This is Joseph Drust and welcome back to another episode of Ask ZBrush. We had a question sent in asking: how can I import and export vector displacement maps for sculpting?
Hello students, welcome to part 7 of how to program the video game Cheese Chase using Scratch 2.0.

* * *

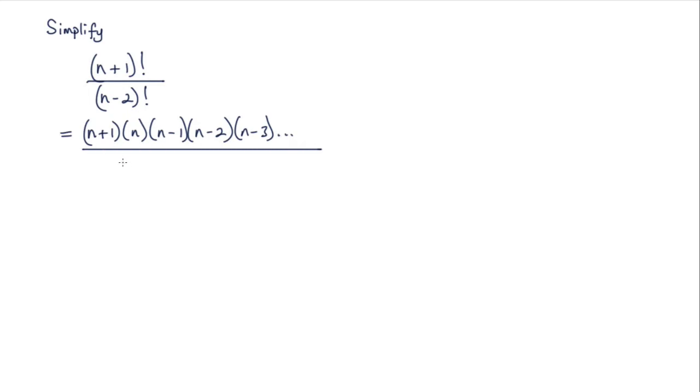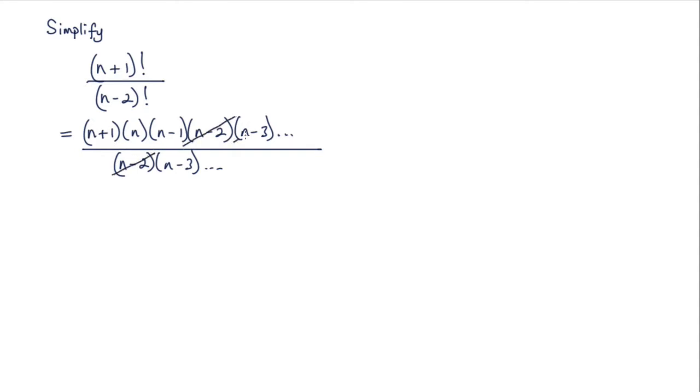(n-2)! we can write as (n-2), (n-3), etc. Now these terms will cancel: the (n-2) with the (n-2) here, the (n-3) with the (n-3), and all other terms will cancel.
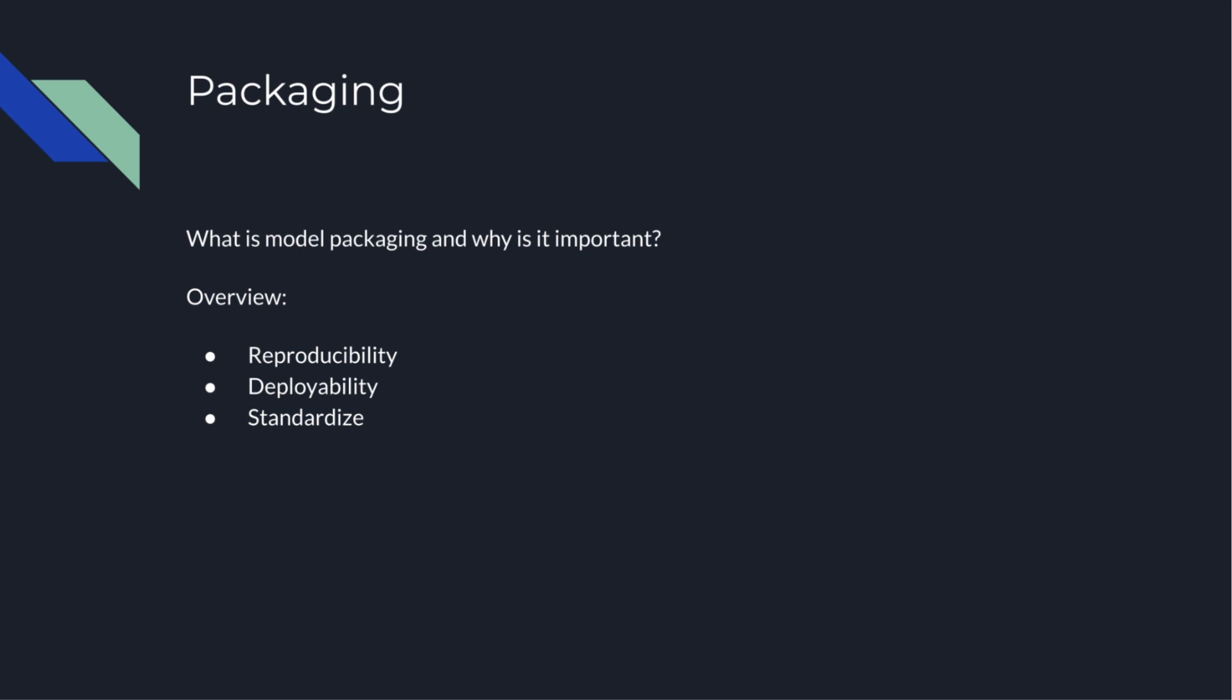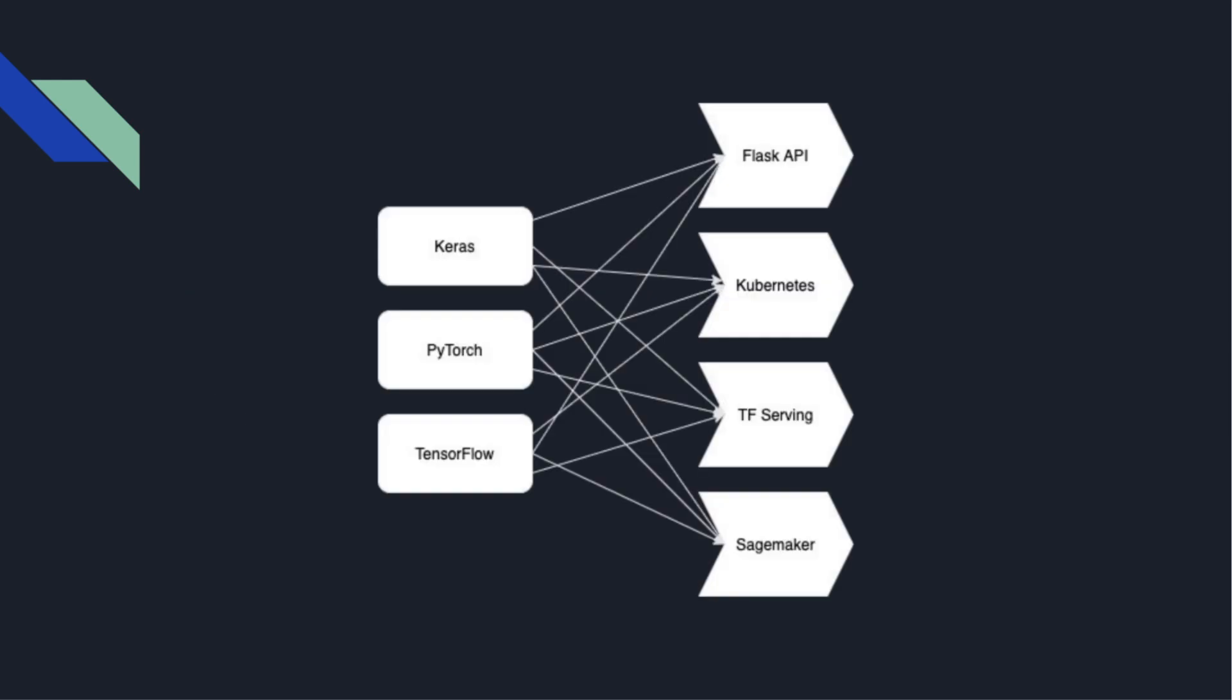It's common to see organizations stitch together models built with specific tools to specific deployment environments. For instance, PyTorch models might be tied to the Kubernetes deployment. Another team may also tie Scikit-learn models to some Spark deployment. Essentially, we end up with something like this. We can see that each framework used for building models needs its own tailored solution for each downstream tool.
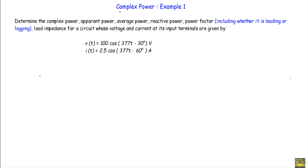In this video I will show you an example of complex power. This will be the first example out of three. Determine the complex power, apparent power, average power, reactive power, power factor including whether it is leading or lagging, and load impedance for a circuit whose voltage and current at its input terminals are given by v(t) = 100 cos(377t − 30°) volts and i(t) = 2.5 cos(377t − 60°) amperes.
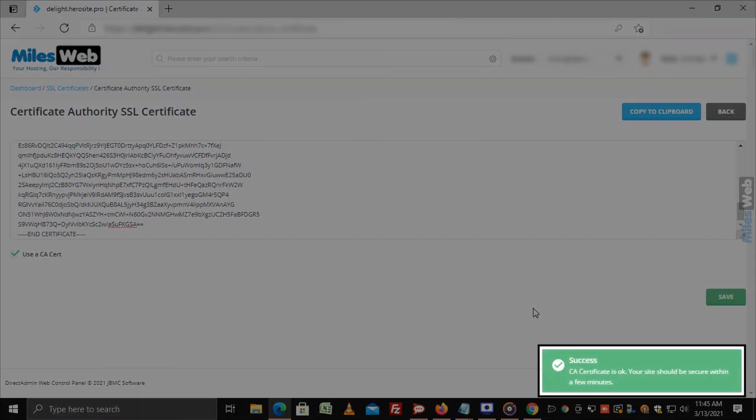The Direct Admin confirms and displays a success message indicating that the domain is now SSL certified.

==

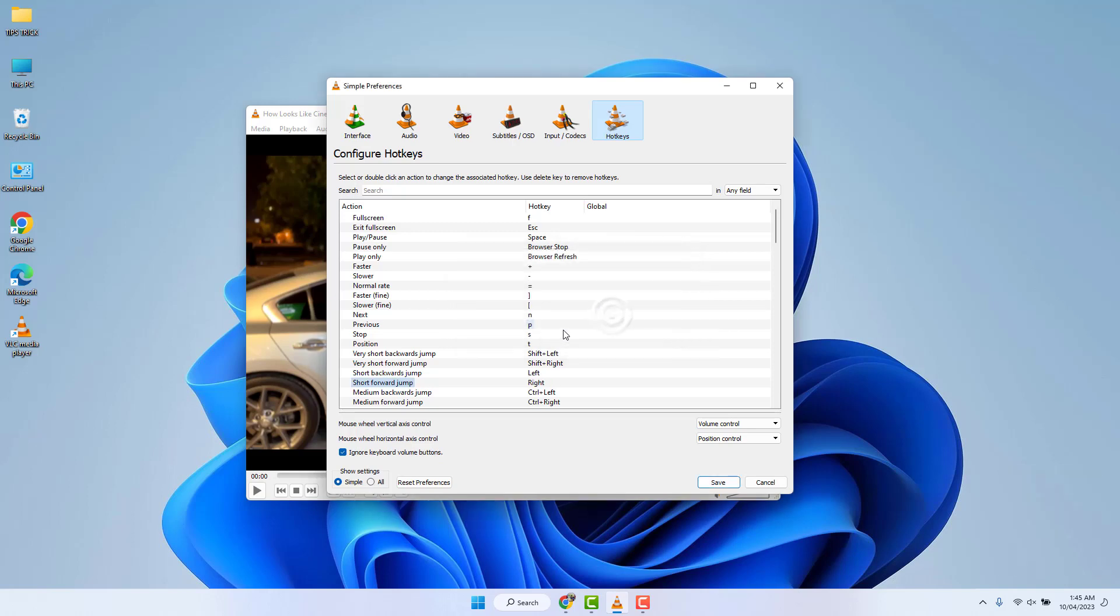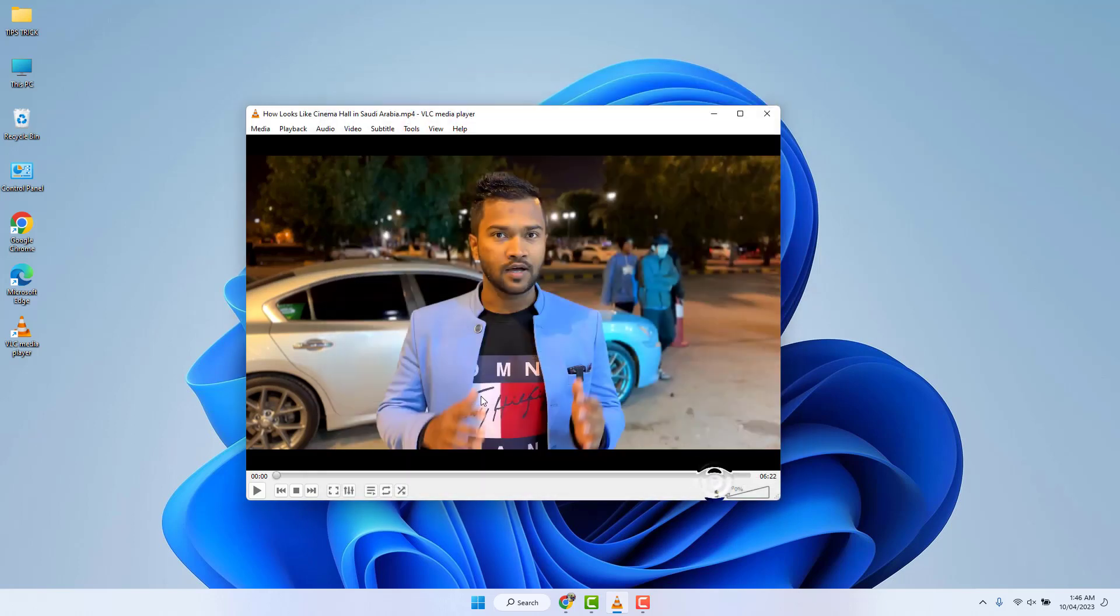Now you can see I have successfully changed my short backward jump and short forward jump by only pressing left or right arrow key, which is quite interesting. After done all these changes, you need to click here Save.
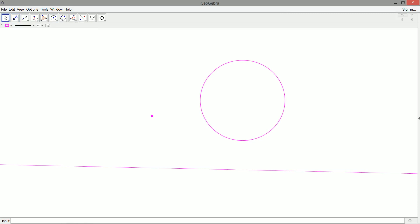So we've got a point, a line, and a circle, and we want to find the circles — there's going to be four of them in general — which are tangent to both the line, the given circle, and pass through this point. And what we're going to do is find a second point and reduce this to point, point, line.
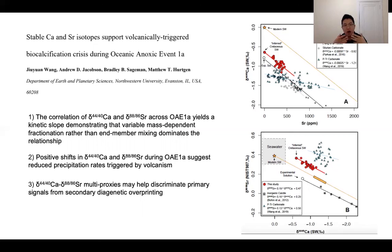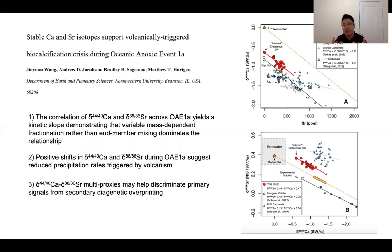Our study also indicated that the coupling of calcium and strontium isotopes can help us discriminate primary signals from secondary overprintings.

**Exercise**
Everything above from the line containing "This is Joseph" through the line containing "Hello students, welcome" must be copied exactly. Nothing outside that range belongs in the answer.

**Response area**
This is Joseph Drust and welcome back to another episode of Ask ZBrush. We had a question sent in asking: how can I import and export vector displacement maps for sculpting?
Hello students, welcome to part 7 of how to program the video game Cheese Chase using Scratch 2.0.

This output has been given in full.